TIM REARDON: The medical examiner's office agreed to allow me to sign only after they relinquished their rights. I was very upset, very angry. We had done everything we were told to do legally, and in the end, it wasn't enough.
RUPA SHENOY: Reardon's case led to end-of-life legislation that was approved by the DFL controlled state Senate in the last session. The Bill would give surviving domestic partners the right to make choices about their loved one's remains. It would also give partners the right to sue for compensation in cases of wrongful death. An organization called Project 515 wrote the Bill. Its executive director, Laura Smieszek, says they tried to steer clear of the same-sex marriage issue.
LAURA SMIESZEK: I would much rather have these laws than worry about the argument today, about whether we should have the right to marry or not. But, as long as we throw a marriage in there, then we often lose people's ear to even learn about what discrimination really looks like.
RUPA SHENOY: The legislation didn't pass the State House in the last session, but if approved this year, the legislation will go to Republican Governor Tim Pawlenty's desk for approval. Pawlenty's office didn't respond to requests for comment, but the governor's recent remarks don't bode well for the Bill's supporters. Last month, Pawlenty told Newsweek Magazine, a Minnesota law prohibiting discrimination based on sexual orientation is overly broad.
Pawlenty voted for the law as a state legislator in 1993. Now, he says it should be changed. Tom Pritchard of the Minnesota Family Council, expects Pawlenty to veto the end of life legislation if it lands on his desk. Pritchard opposes the legislation and thinks it's a step toward marriage rights for same-sex couples.
TOM PRITCHARD: I think if two individuals care for one another, I mean, there are legal options now, and there's alternatives which have been proposed. But when you limit it just to domestic partners, gay lesbian couples, then you're trying to replicate, the unique relationship of marriage, and we just think that's the wrong way for society to go.

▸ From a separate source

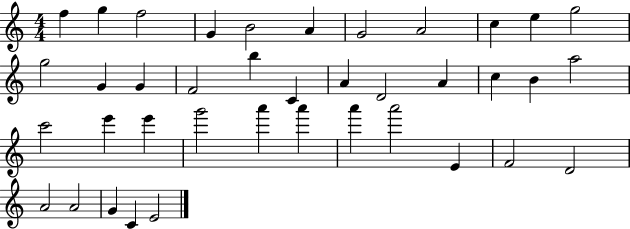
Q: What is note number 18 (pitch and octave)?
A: A4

RUPA SHENOY: End-of-life legislation is gaining ground in some other states. Legislators in Rhode Island this week voted to allow same-sex couples the right to plan the funerals of their late partners, overriding a veto by the governor, who warned it eroded traditional marriage. While advocates here say they're not pushing to legalize same-sex marriage this session, gay couples say that should be the goal. Some say they'll never have true equality without it. Rupa Shenoy, Minnesota Public Radio News.